The buffers used in the various kernels are inferred automatically at the graph level as ping-pong buffers located in the AI Engine-ML data memory. From the kernel point of view, the buffers are accessed through the address generator units of the processor and are managed by the kernel.
Input/output buffers can be filled and flushed by other parts of the device through streams handled internally by a DMA. In order to simplify kernel addressing, the user might require the data to be stored in a specific way in the data memory. It could be a kind of transposition of a tensor to simplify matrix multiplication at the kernel level. You can define specific access patterns for this kind of memory. Tiling parameters can be defined for local memories.

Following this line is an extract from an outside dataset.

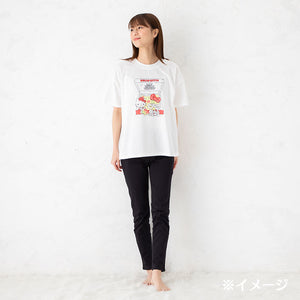 Sanrio Kuromi ice-cream t-shirt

class MatrixMultiply : public graph {
public:
input_port inA,inB;
output_port outC;
kernel MatMult;
MatrixMultiply() {
// kernel
MatMult = kernel::create(ClassicMatMult);
source(MatMult) = "src/matmult.cpp";
runtime<ratio>(MatMult) = 0.9;
// Connect Input A to MatMult Kernel
connect(inA, MatMult.in[0]);
dimensions(MatMult.in[0]) = {NColsA,NRowsA};
// Connect Input B to MatMult Kernel
connect(inB, MatMult.in[1]);
dimensions(MatMult.in[1]) = {NRowsB,NColsB};
/* tiling parameters to transpose matrix */
write_access(MatMult.in[1]) = adf::tiling(...);
// Connect MatMult Kernel to Output
connect(MatMult.out[0],outC);
dimensions(MatMult.out[0]) = {NColsC,NRowsC};
};
};
dimensions(MatMult.in[0]) = {NColsA,NRowsA};
Size definition can also be done directly inside the kernel.